ここには、俳人松尾芭蕉も訪れていて、「閑かさや 岩にしみいる 蝉のこえ」という著名な句を詠んだところだそうだ。なるほど、自然のなかにいる自分のありさまがはっきりするような、ある種むきだしの山だ。修験の山としても古くから知られているらしい。


山形の特筆なところは、じつは飯が美味いところだ。牛肉たっぷりの駅弁、美味い。いも煮、もちろん美味い。こんにゃくは串刺しに、歩きながら三串も食べた。
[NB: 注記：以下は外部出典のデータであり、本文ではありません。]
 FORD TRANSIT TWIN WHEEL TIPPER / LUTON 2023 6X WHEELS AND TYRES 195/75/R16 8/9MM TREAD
山寺の地産は麩だったり、大ぶりのにんにくだったり、若竹だったり、山菜だったり尽きない。


山寺のおしょうさんが、そこかしこでほうきを掃いているわけではない。いまでは観光地としても人気なのだろう。アイフォンを持った白人や、サリーを着たインド人、一眼レフを二台ぶらさげた中国人など、成田山かってぐらい賑やかだ。それでも、石段を一段一段登っていると、ある気配を感じる。かって、千人以上の仏門の徒が寝食をともにし、修業に明け暮れていたという時代。いったいどんな営みが、山に囲まれたこの地で運命共同体として、連綿と繰り広げられたことだろうか。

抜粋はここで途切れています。